●一般質問「社会保障と税の一体改革の影響等について」(2012年6月15日) 橋本しげき
◯24番(橋本しげき君)  今回の一般質問、私は、社会保障と税の一体改革の影響について、市内で大型マンション建設計画が相次いでいることについて、原発ゼロを進めることについての大きく3点の質問をいたします。

 まず大きな1点目に、社会保障と税の一体改革の影響についてです。野田民主党政権は、マニフェストを捨て去り、今国会で消費税増税法案を不退転の決意で成立させようとしています。野田政権は、富裕層や大企業への優遇税制は温存する一方で、庶民には大増税を押しつけようとしています。その上、社会保障は大改悪のオンパレードです。現在、情勢は動いておりますが、一体改革の中身は年金の支給額の引き下げ、医療費の負担増、介護保険料の値上げとサービス切り捨て、保育の公的責任放棄などであり、自・公政権でさえここまでやらなかった大改悪がメジロ押しです。消費税増税と社会保障の改悪で何と約20兆円もの前代未聞の庶民負担増になるのです。社会保障は切り捨て、消費税増税だけがのしかかる。これでは消費税は社会保障のためだなどという説明は全く成り立たないではありませんか。しかも、既に消費税増税を当て込んで無駄遣いが拡大し、かえって財政を悪化させる兆候があらわれています。総事業費9,000億円もの八ッ場ダム建設復活、1メートルつくるのに1億円もかかる外環道路建設推進などはその象徴です。無駄遣いを温存・拡大したままの消費税増税は許されません。

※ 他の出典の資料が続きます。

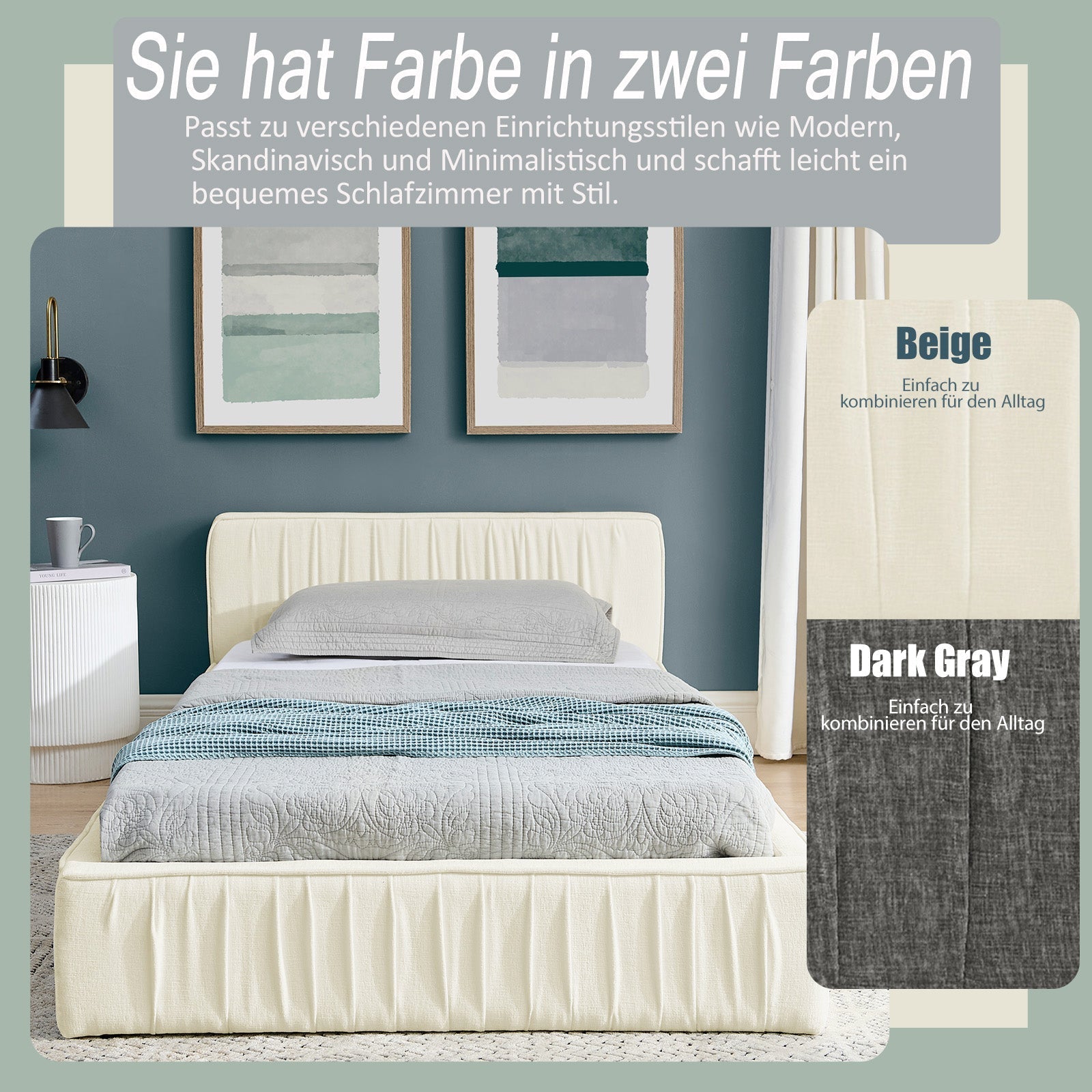 Single Bed 90x200cm Children's Bed Sturdy Iron Frame Chenille Beige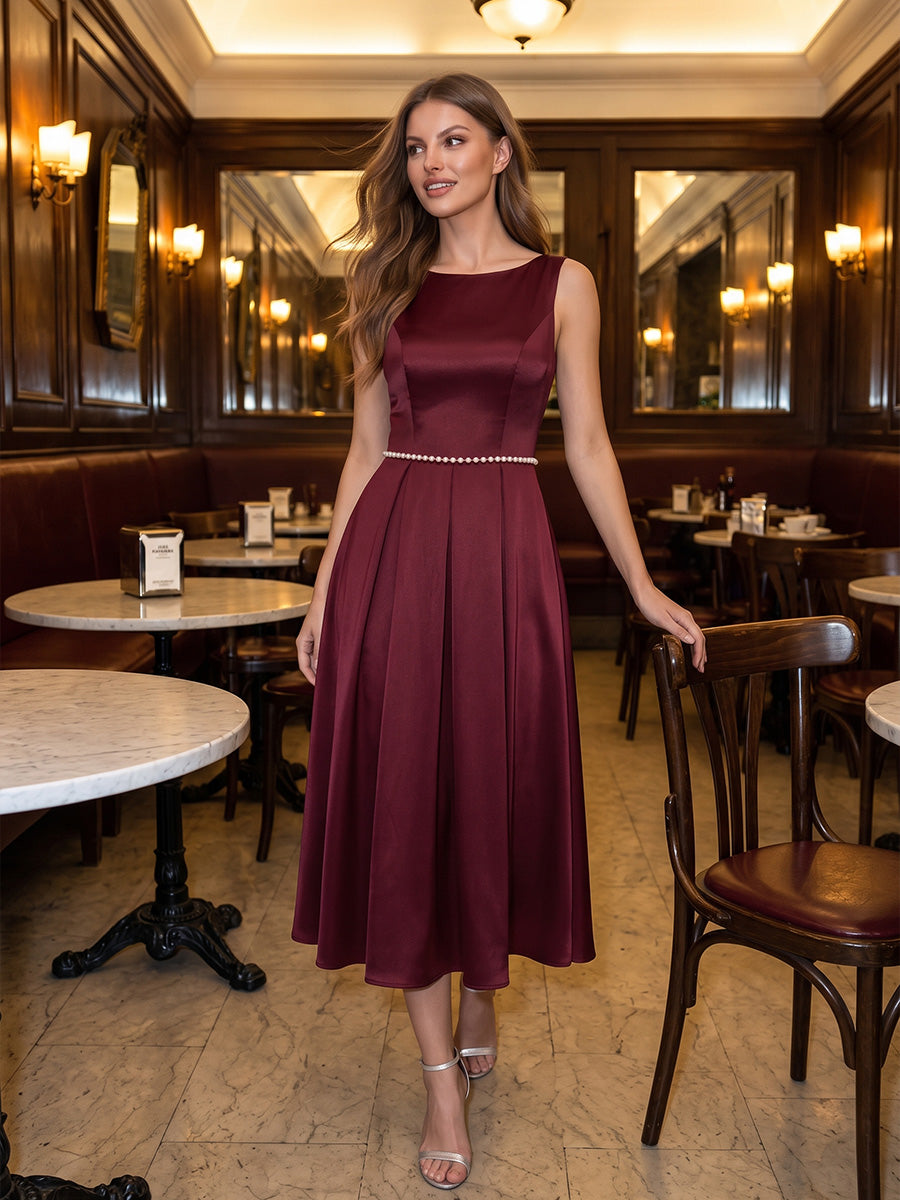 Burgundy A Line Midi Satin Wedding Guest Dresses Bateau Pearls Cocktail Dresses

 しかも、消費税増税は被災者にも容赦なく降りかかります。これはまさに復興に逆行するやり方です。消費税増税は家計を大きく冷え込ませ、景気はさらに大きく落ち込んでしまいます。これでは結局税収もふえません。この消費税増税法案に関し、民主、自民、公明の3党で修正協議が行われています。どんな世論調査でも国民の60%前後は消費税増税に反対しており、この間の国会審議を通じても国民多数の反対は揺るぎません。増税大連合による密室協議の増税談合は民意に真っ向から背くものです。日本共産党は、国民の世論と運動をさらに広げて、消費税増税法案を廃案に追い込むために全力を尽くす決意を表明するものです。

 では、消費税増税ではなく、どうやって社会保障と財政再建の財源をつくることができるのか。日本共産党は2月に、消費税大増税ストップ、社会保障充実、財政危機打開の提言を発表しました。ここでは、消費税に頼らない別の道があることを具体的に提案しています。2段階で社会保障と財政再建の財源を生み出します。

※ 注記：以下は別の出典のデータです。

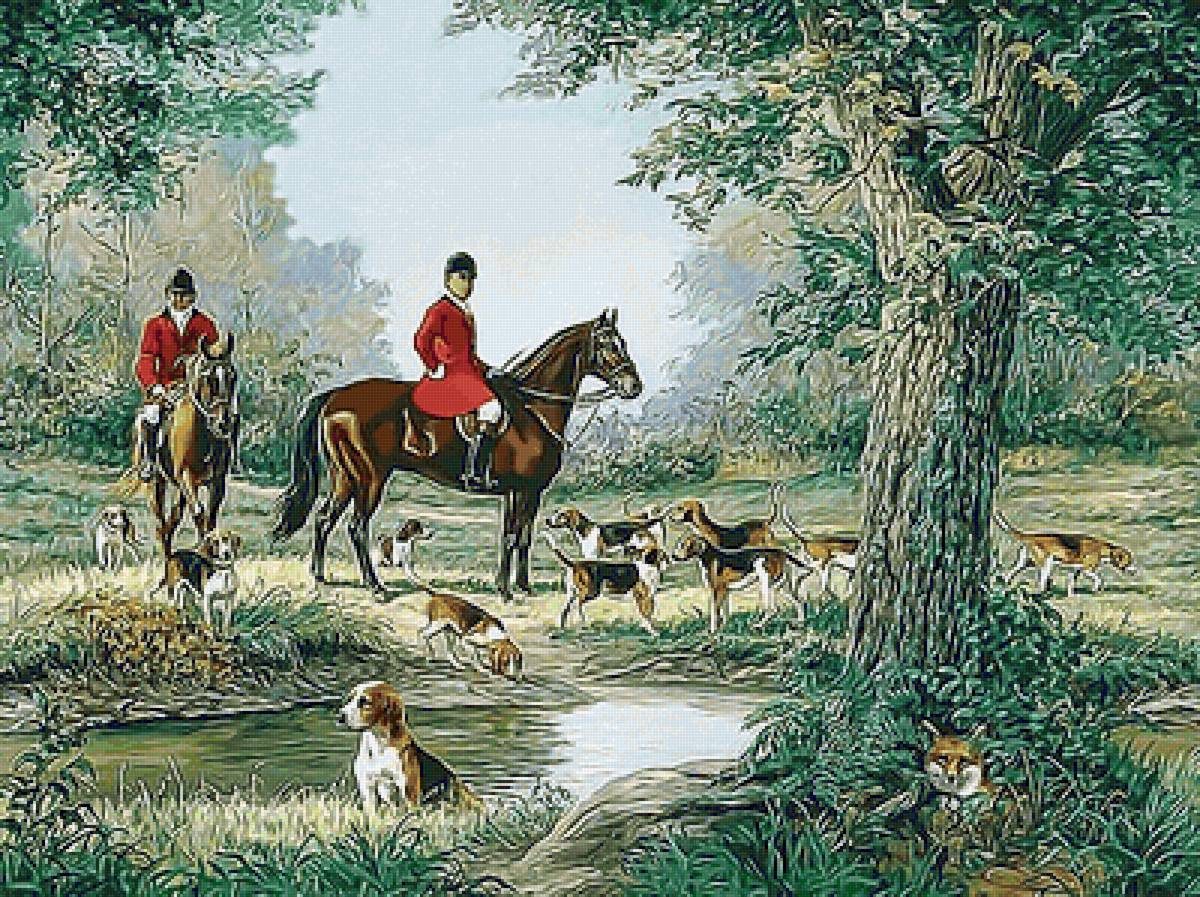 Охота - лошади, собачки, ручей, охота, лес, всадники - предпросмотр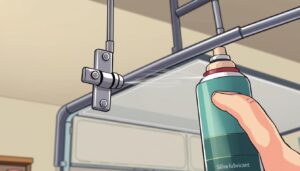 Lubricate garage door hinges with silicone spray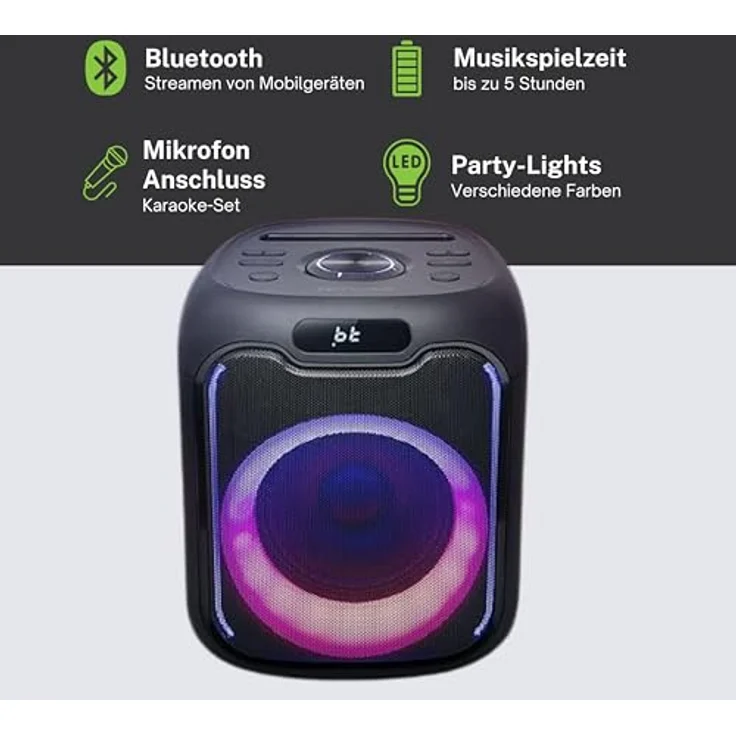 Muse M-1803 DJ, Bluetooth-Lautsprecher mit USB-C-Anschluss, 150 Watt RMS, 5 Stunden Akkulaufzeit, tragbar – Bild 3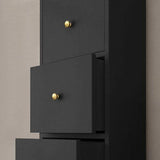 Modern Black Floating Desk Mounted Writing Desk with Drawers Side Cabinet Included-Desks,Furniture,Office Furniture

 日本共産党の財源提案の中身を簡潔に紹介したいと思います。

 第1段階では、まず無駄を徹底して削ることです。不要不急の大型公共事業を見直し、原発推進予算の削減、米軍思いやり予算を初め年間5兆円の軍事費削減、機密費の廃止など、聖域のない無駄削減を行います。政治家みずから身を削るというなら、民意を削る衆議院の比例定数削減ではなく、日本共産党以外の政党にばらまかれている政党助成金320億円こそまず廃止すべきではないでしょうか。これらで3.5兆円の財源をつくります。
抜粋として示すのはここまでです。